Une péninsule sauvage où les dunes de sable meurent dans les eaux turquoise de l’Atlantique, des spots de kitesurf de renommée mondiale et des complexes hôteliers éco-luxe flambant neufs. Sur le papier, Dakhla a tout du nouveau paradis balnéaire. Pourtant, derrière les campagnes promotionnelles agressives et les billets d’avion à prix cassés s’articule l’un des conflits territoriaux les plus anciens et les plus complexes de la planète. En transformant le Sahara occidental en une destination touristique en vogue, le Maroc déploie une stratégie de soft power redoutable pour asseoir définitivement sa souveraineté.
Pour le voyageur européen, l’accès à ce “joyau caché” n’a jamais été aussi simple. Des notifications de la compagnie aérienne irlandaise Ryanair invitent désormais les touristes à planifier leur prochaine « aventure marocaine » vers Dakhla, avec des tarifs aller-retour au départ de Madrid défiant toute concurrence, débutant à peine à 30 euros.
Cette accessibilité nouvelle est le fruit d’un plan de développement titanesque orchestré par Rabat. Le gouvernement marocain a massivement investi dans les infrastructures hôtelières et logistiques de la région. Une lune de miel économique qui a séduit les géants du ciel : outre la Royal Air Maroc, des transporteurs comme Transavia France ou Binter Canarias opèrent désormais des liaisons directes depuis Paris, Madrid ou les îles Canaries. En intégrant Dakhla à leurs catalogues sous la bannière du Maroc, ces compagnies valident, de facto, la cartographie défendue par le Royaume chérifien.
Un essor touristique fulgurant en chiffres
Les efforts de séduction de Rabat portent leurs fruits, comme en témoignent les statistiques officielles qui révèlent une croissance exponentielle de la fréquentation dans la zone sous contrôle marocain.
Évolution du nombre de visiteurs au Sahara occidental (2019-2025) : en l’espace de sept ans, le nombre de touristes a bondi de plus de 50 %, transformant une zone historiquement militarisée en un carrefour de l’industrie des loisirs et du luxe.

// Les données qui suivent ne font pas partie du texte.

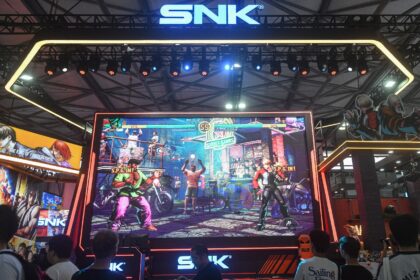 Attendees visit the booth of Japanese video game company SNK at the annual ChinaJoy digita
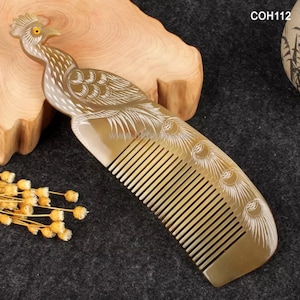 May include: A brown and white comb with a peacock design. The comb is made of horn and has a fine-toothed design.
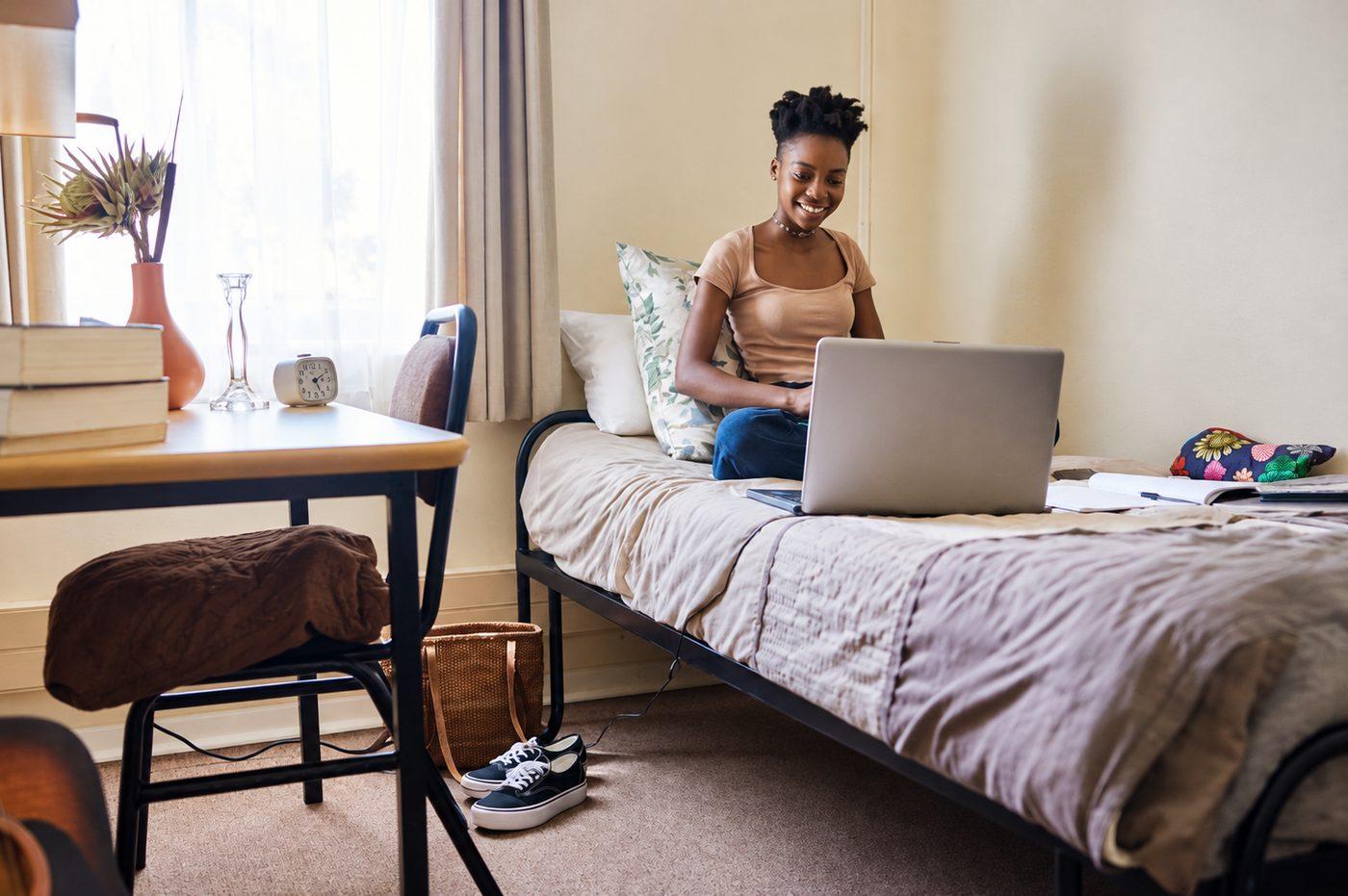 A student working at a laptop in her hostel room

Le tourisme comme outil de normalisation politique
Pourtant, cette normalisation par le voyage se heurte à la réalité du droit international. Pour l’Organisation des Nations Unies (ONU), le Sahara occidental demeure un « territoire non autonome », un statut qui signifie que sa population autochtone n’a pas encore pu exercer son droit à l’autodétermination.
Depuis près de cinquante ans, l’ONU tente d’arbitrer ce conflit territorial. Le Maroc administre et contrôle environ 80 % de ce vaste territoire qu’il qualifie de « provinces du Sud », considérant cette région comme une composante inaliénable de sa souveraineté historique. Face à lui, le Front Polisario, soutenu par l’Algérie, réclame l’indépendance de la région et l’organisation du référendum d’autodétermination prévu par les accords de cessez-le-feu de 1991, un scrutin qui n’a jamais pu voir le jour.
« Inviter le monde à venir bronzer ou surfer à Dakhla, c’est une manière subtile mais extrêmement efficace de rendre l’occupation invisible aux yeux du grand public », analysent plusieurs observateurs internationaux.
En ancrant Dakhla et Laâyoune dans l’imaginaire collectif des voyageurs comme des destinations marocaines, le Maroc marque des points décisifs. Pour les autorités marocaines, le développement économique et l’ouverture internationale de la région sont les meilleures preuves de leur légitimité à la gouverner. Pour les détracteurs de cette politique, chaque hôtel de luxe construit et chaque vol Ryanair qui se pose sur le tarmac de Dakhla contribuent à verrouiller un statu quo politique, transformant les touristes d’un jour en témoins passifs d’un fait accompli géopolitique.